The tools available to both are fundamentally the same, and a good digital marketing strategy for either type of company will involve email marketing, social media, great content and SEO – it’s what you do with these tools which changes. To create a successful B2B digital marketing strategy, you need to understand the following nuances.
For a business selling directly to consumers, sales are really the only thing that matters, and everything is focused directly or indirectly on getting the consumer to make that purchase, and preferably to return to purchase again. In the B2B marketplace, however, the emphasis is more on nurturing leads and business relationships which might potentially turn into sales, eventually. There is less immediacy and more focus on long term interactions and familiarity.
The typical B2C consumer is driven by impulse, to some degree, and by the satisfaction of buying. Consumers can be wooed by creating an emotional response – it doesn’t matter whether the response is laughter, sadness or inspiration, but some kind of emotional connection helps to build sales.
The B2B purchaser, on the other hand, is driven by logic, cost considerations and a host of other corporate restrictions. Being able to make them laugh might get you some bonus points, but what really counts is useful, accurate information to inform the purchasing decision.

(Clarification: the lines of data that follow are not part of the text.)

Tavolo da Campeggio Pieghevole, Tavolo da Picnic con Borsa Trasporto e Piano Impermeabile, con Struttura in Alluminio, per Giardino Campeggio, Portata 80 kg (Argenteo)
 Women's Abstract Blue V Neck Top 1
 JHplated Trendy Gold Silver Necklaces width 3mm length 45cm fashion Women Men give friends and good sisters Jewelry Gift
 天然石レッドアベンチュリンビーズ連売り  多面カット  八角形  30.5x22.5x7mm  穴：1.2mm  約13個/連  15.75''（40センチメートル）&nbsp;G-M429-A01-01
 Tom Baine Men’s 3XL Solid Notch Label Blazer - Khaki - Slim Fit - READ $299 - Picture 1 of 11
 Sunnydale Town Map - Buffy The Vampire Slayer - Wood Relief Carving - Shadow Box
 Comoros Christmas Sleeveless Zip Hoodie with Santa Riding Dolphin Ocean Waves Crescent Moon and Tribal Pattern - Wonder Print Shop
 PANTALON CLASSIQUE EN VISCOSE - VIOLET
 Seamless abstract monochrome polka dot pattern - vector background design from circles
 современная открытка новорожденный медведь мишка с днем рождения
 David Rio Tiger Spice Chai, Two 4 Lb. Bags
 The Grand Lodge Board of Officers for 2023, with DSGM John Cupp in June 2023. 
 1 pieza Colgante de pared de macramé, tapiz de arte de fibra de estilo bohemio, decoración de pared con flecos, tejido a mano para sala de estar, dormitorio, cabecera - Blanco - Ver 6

The sales cycle in a B2C environment is very short; in a B2B environment, the products are typically more complex and more expensive and the sales process is much longer, potentially involving a lengthy and complicated decision making chain. Understanding this difference is key to creating B2B content which helps to drive those decisions.
The needs of your B2B customer will change as you move higher up the purchasing chain. It’s vital that you provide different levels of detail and different types of content to suit each stage in this chain. If you sell manufacturing equipment, for example, the content needs of the Finance Director signing off on a decision are going to be very different to the needs of the engineer who first raised the problem which your equipment can solve.
Ebooks, white papers, FAQs, informative blog posts and tech specifications are useful types of content if you’re selling to business; you’ll need far fewer of the fun, quirky, memorable content pieces that a B2C company will focus on.
It’s not enough to have fantastic B2B content which will help your purchasers make an educated choice; you need to put that content in front of them, which means understanding where online you can find your customers. Social media channels like Facebook, Pinterest, Instagram and Snapchat are far less important, or even mostly irrelevant for many B2B businesses. LinkedIn and other professional networks are a much better bet, as are specialist forums and industry specific communities.
Because B2B digital marketing targets a very narrow niche – if you make equipment for the auto industry, you don’t want to waste time and money trying to attract a wider audience than that – it’s essential to narrow down your social media strategy so that you are appearing in the right places and not adopting a vague, scattergun approach.
In many ways, the similarities between B2B and B2C for digital marketing outweigh the differences, and there are crossovers, with some instances of B2B companies successfully using B2C strategies and vice versa. However, the critical difference of the purchasing chain is all too often misunderstood by B2B enterprises, which can lead to a huge amount of wasted effort, money and time. Go where your customers are and deliver to them high quality, useful, informative content, packaged and re-packaged for different stages of the buying process – this is a golden rule for B2B digital marketing which should serve you well.